■ **Task description**
The expected result is the full set of records, copied precisely, with images dropped.
___ Task inputs
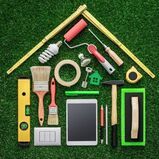 Maple Ridge Handyman picture of various tools lying on green grass forming the shape of a house.
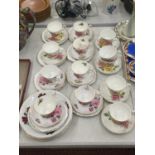 A QUANTITY OF CHINA CUPS, PLATES AND SAUCERS TO INCLUDE ROYAL ALBERT 'PRARIE ROSE', SHERIDAN, ETC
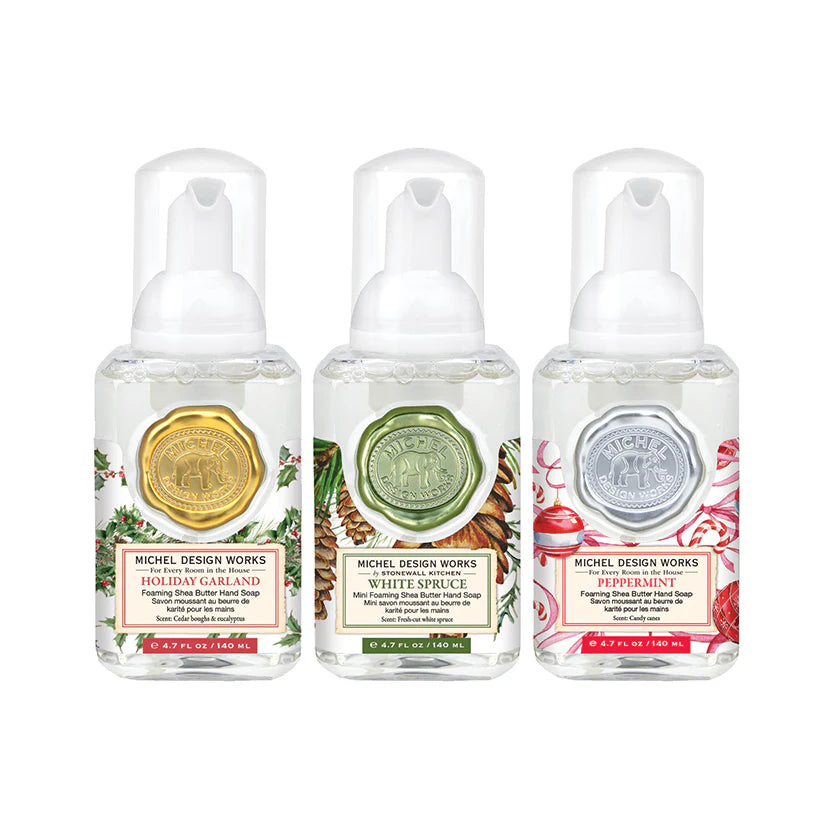 Three bottles of Michel Design Works hand soap with different scents on a white background
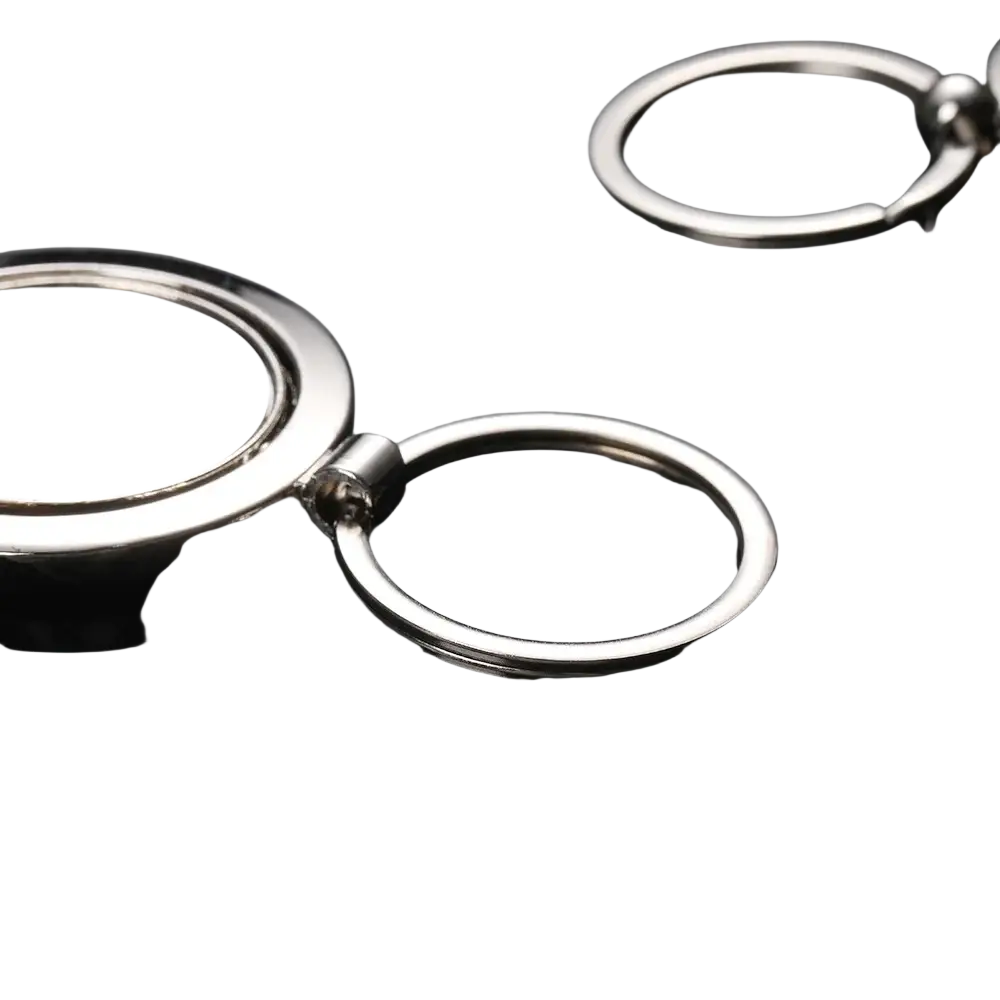 Rotating silver circle keychain featuring a silver metallic flat disc attached to a ring by a hinge mechanism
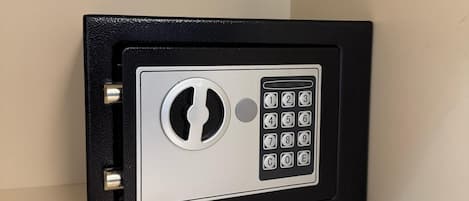 A black safe with a keypad and a keyhole.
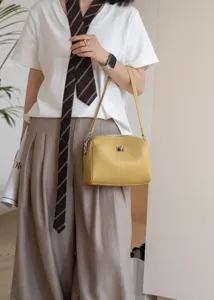 Genuine leather shoulder bag underarm baguette bag for women with metal lock closure stylish everyday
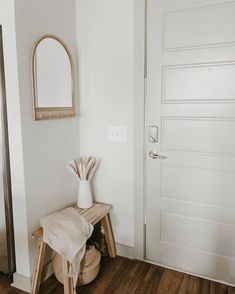 a white vase sitting on top of a wooden bench in front of a door with a mirror above it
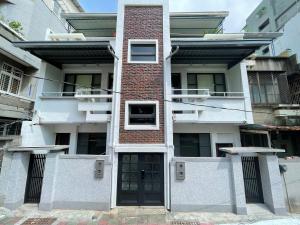 an apartment building with a door in front of it at 簃居青衖 in Tainan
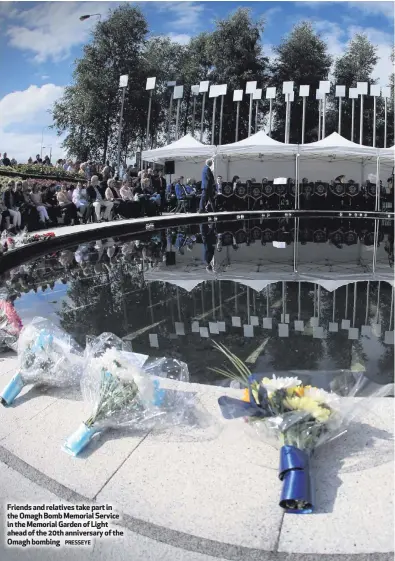  ?? PRESSEYE ?? Friends and relatives take part in the Omagh Bomb Memorial Service in the Memorial Garden of Light ahead of the 20th anniversar­y of the Omagh bombing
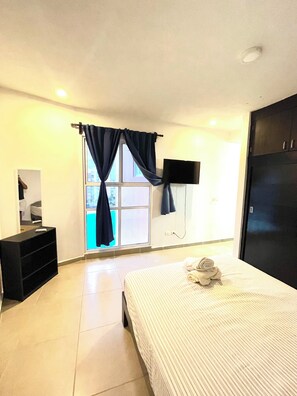 A hotel room with a bed, a TV mounted on the wall, a wardrobe, and a window with curtains. - Dreams Lagoon (Cancún)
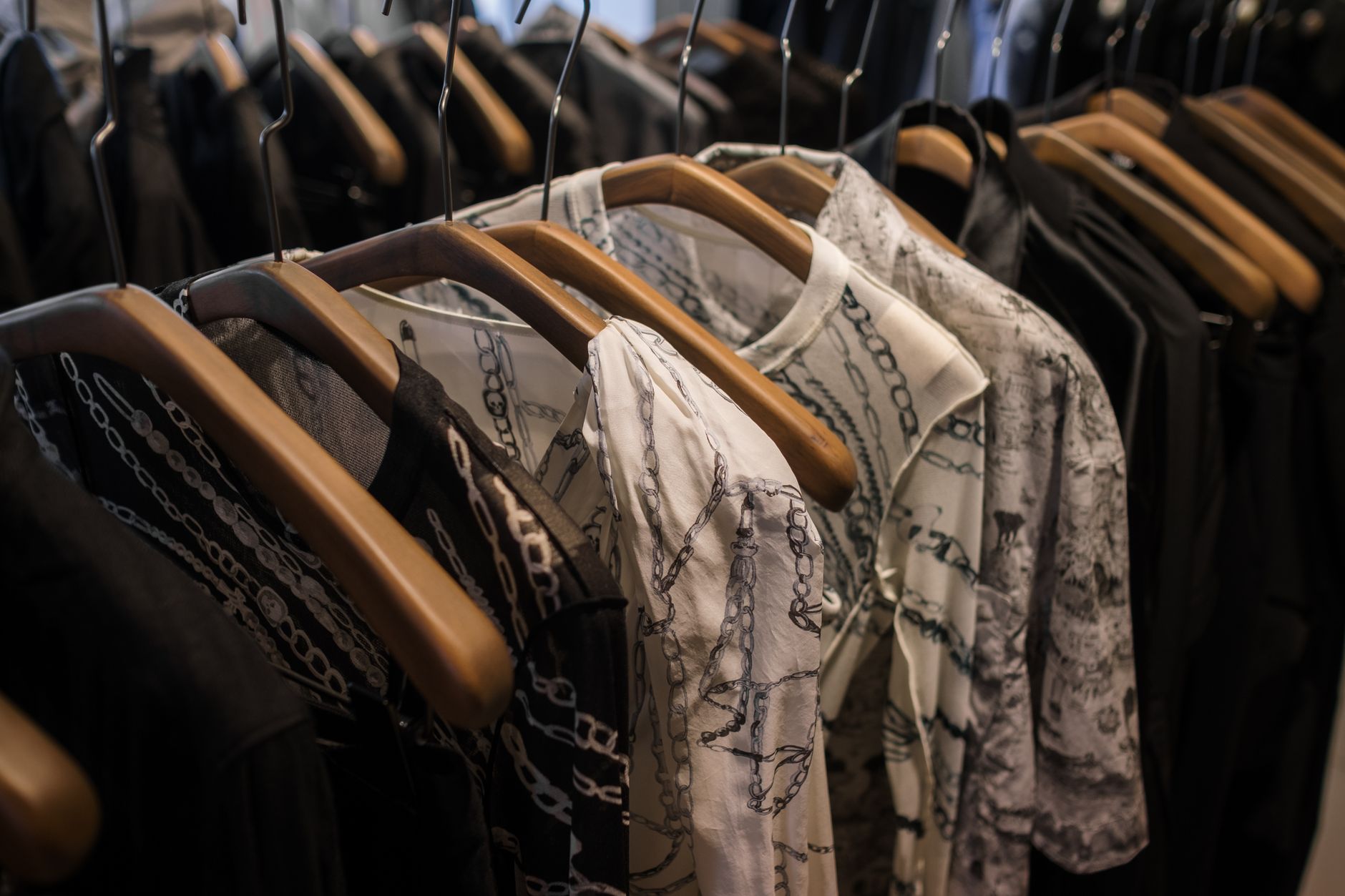 Neatly arranged luxury shoes and accessories in a wardrobe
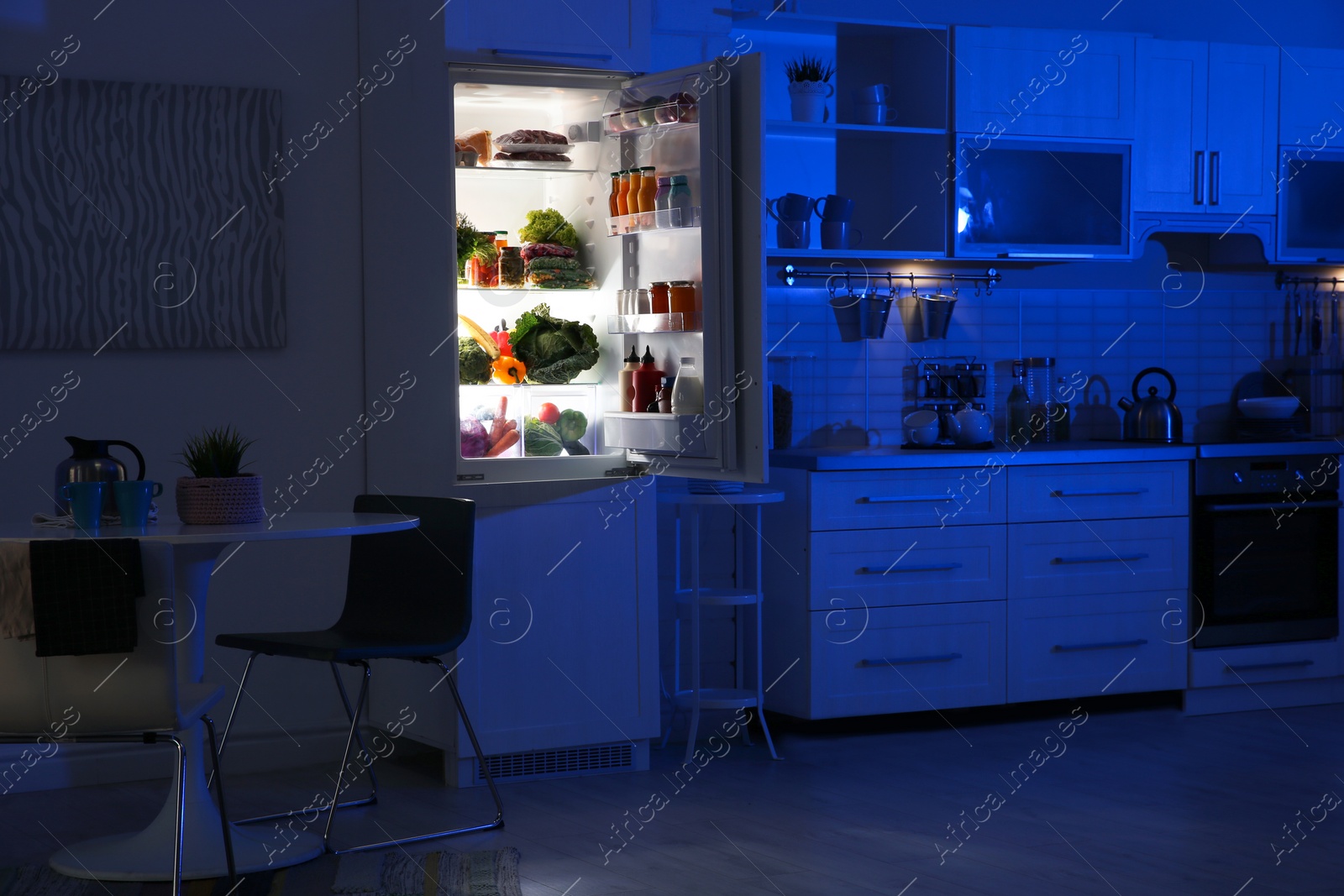 Photo of Stylish kitchen interior with refrigerator full of products at night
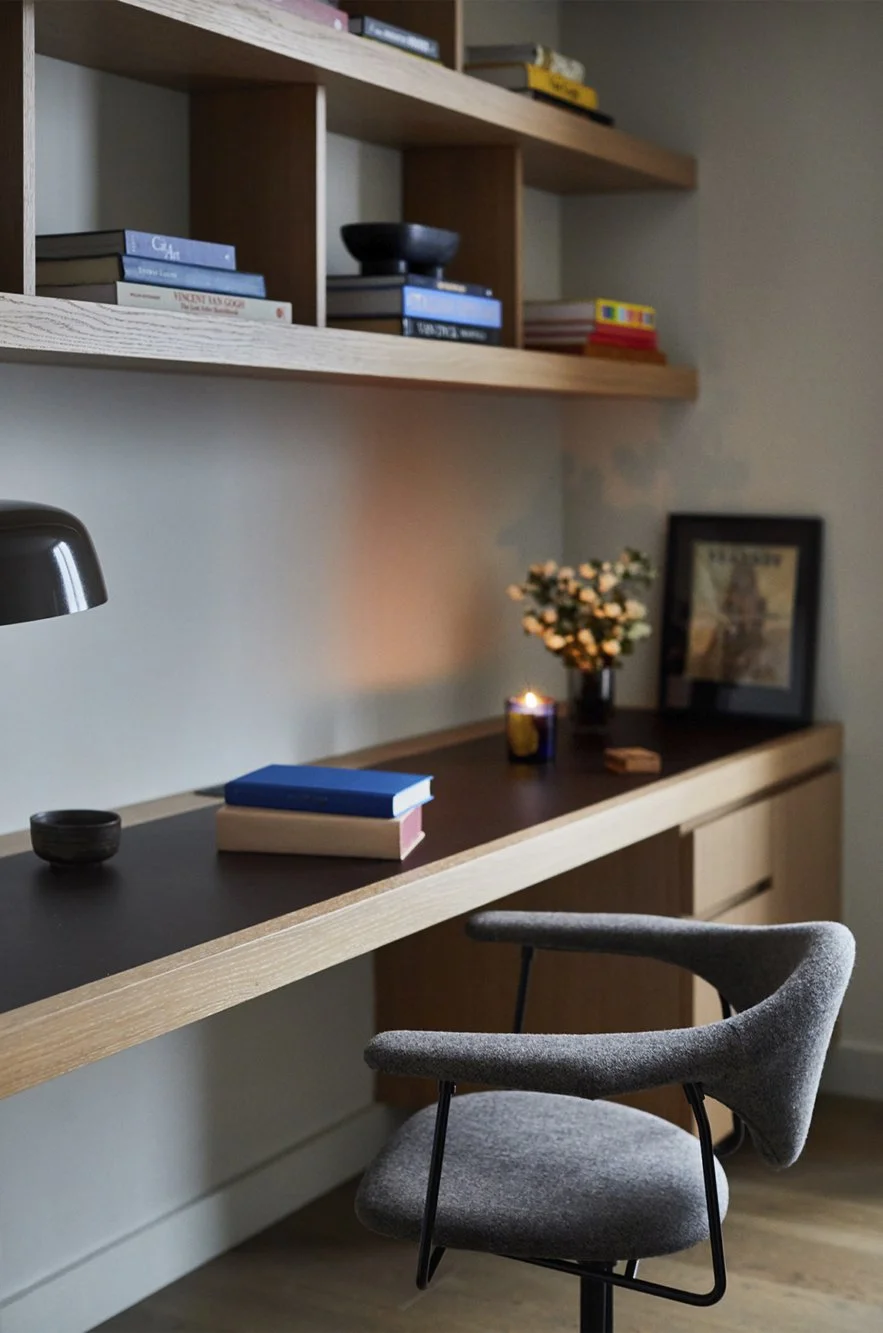 A modern workspace with a wooden desk, books, a plant, a candle, framed art, and a gray upholstered chair.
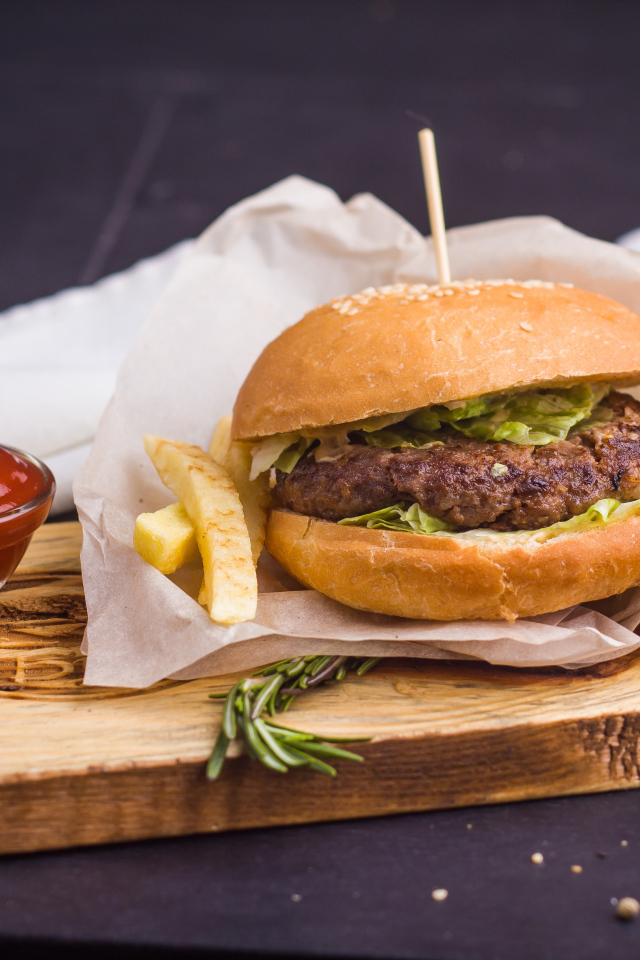 Аппетитный гамбургер с картофелем фри и кетчупом на столе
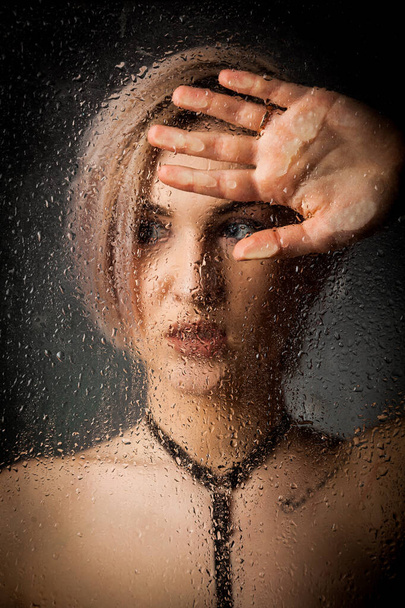 Portret of a blonde girl behind wet glass against a dark background. - Foto, afbeelding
______
■ **Your response**
 Maple Ridge Handyman picture of various tools lying on green grass forming the shape of a house.
 A QUANTITY OF CHINA CUPS, PLATES AND SAUCERS TO INCLUDE ROYAL ALBERT 'PRARIE ROSE', SHERIDAN, ETC
 Three bottles of Michel Design Works hand soap with different scents on a white background
 Rotating silver circle keychain featuring a silver metallic flat disc attached to a ring by a hinge mechanism
 A black safe with a keypad and a keyhole.
 Genuine leather shoulder bag underarm baguette bag for women with metal lock closure stylish everyday
 a white vase sitting on top of a wooden bench in front of a door with a mirror above it
 an apartment building with a door in front of it at 簃居青衖 in Tainan
  ?? PRESSEYE ?? Friends and relatives take part in the Omagh Bomb Memorial Service in the Memorial Garden of Light ahead of the 20th anniversar­y of the Omagh bombing
 A hotel room with a bed, a TV mounted on the wall, a wardrobe, and a window with curtains. - Dreams Lagoon (Cancún)
 Neatly arranged luxury shoes and accessories in a wardrobe
 Photo of Stylish kitchen interior with refrigerator full of products at night
 A modern workspace with a wooden desk, books, a plant, a candle, framed art, and a gray upholstered chair.
 Аппетитный гамбургер с картофелем фри и кетчупом на столе
 Portret of a blonde girl behind wet glass against a dark background. - Foto, afbeelding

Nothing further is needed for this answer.